» Stored data:
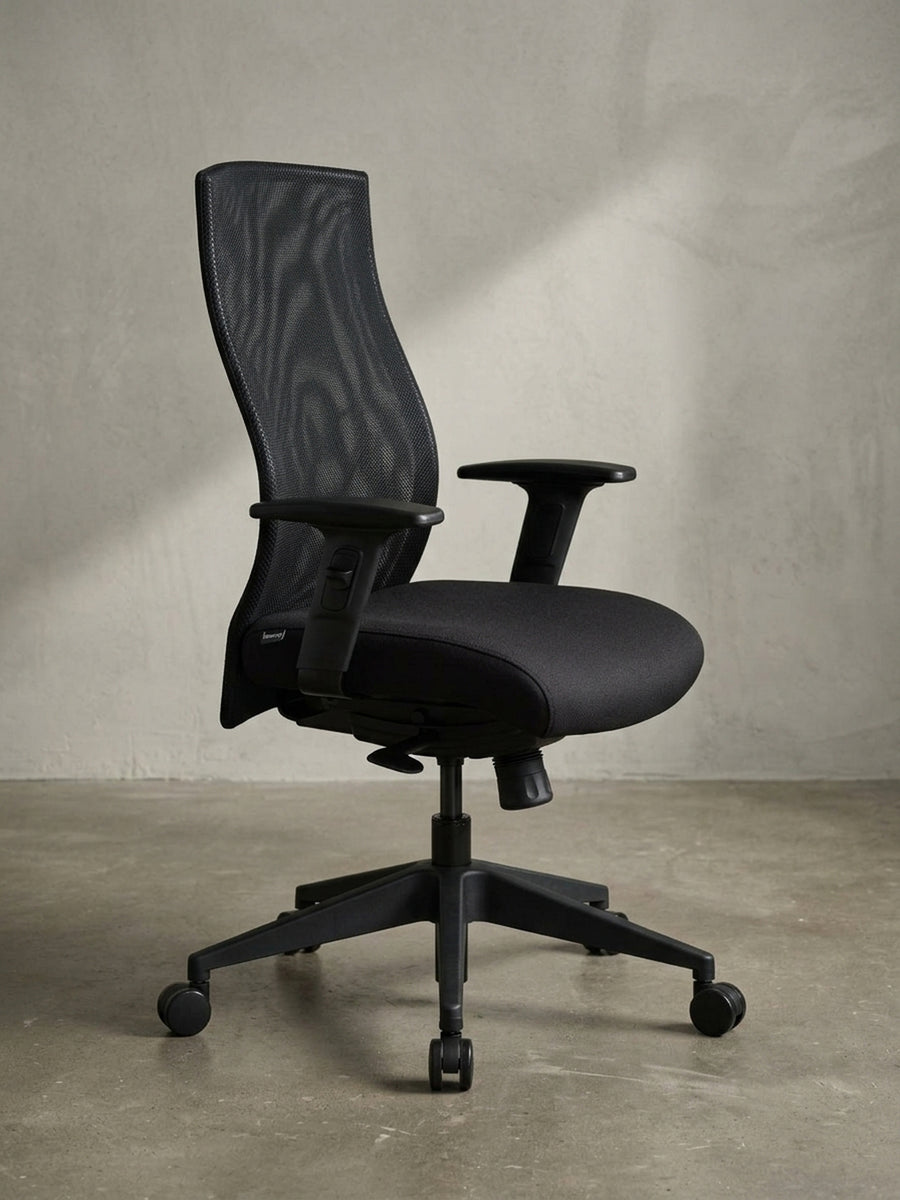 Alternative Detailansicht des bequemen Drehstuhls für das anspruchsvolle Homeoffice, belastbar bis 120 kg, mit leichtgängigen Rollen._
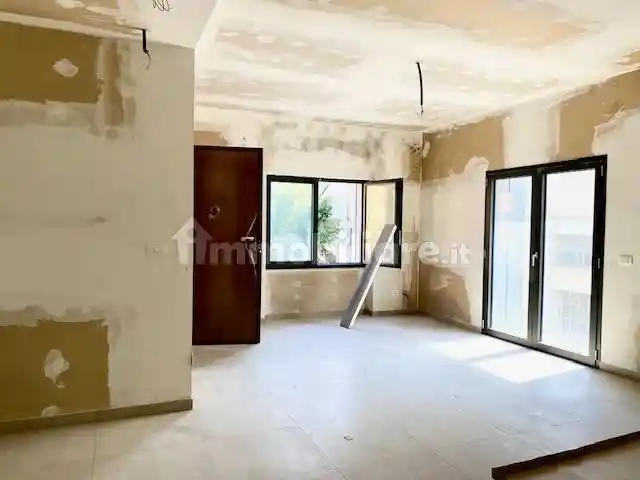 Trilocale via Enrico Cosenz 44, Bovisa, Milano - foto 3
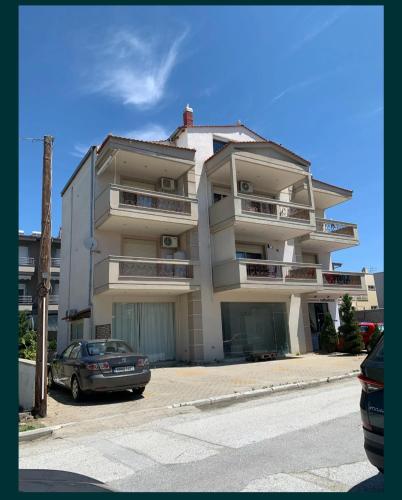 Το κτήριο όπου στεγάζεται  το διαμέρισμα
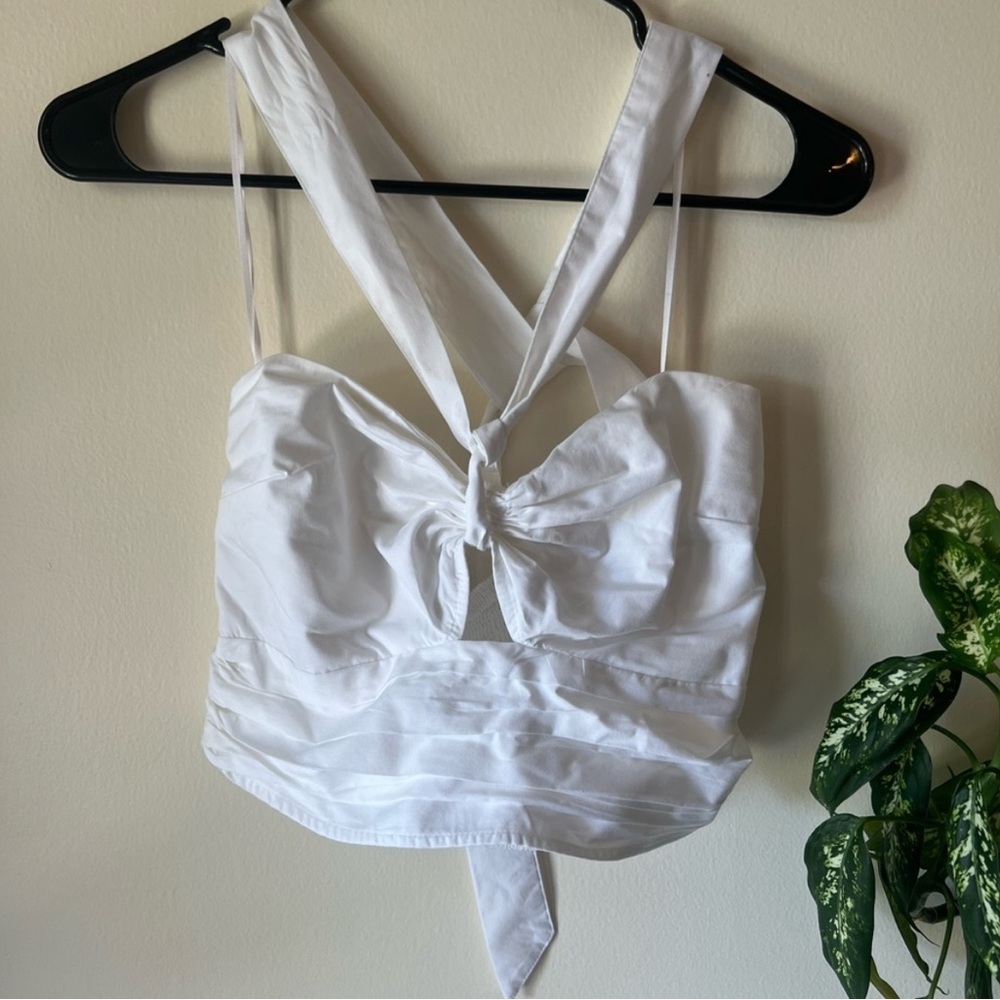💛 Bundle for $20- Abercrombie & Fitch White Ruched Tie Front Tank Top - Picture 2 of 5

» Exercise objective: Would you please copy the material exactly, leaving all the pictures out?

» Response:
 Alternative Detailansicht des bequemen Drehstuhls für das anspruchsvolle Homeoffice, belastbar bis 120 kg, mit leichtgängigen Rollen._
 Trilocale via Enrico Cosenz 44, Bovisa, Milano - foto 3
 Το κτήριο όπου στεγάζεται  το διαμέρισμα
💛 Bundle for $20- Abercrombie & Fitch White Ruched Tie Front Tank Top - Picture 2 of 5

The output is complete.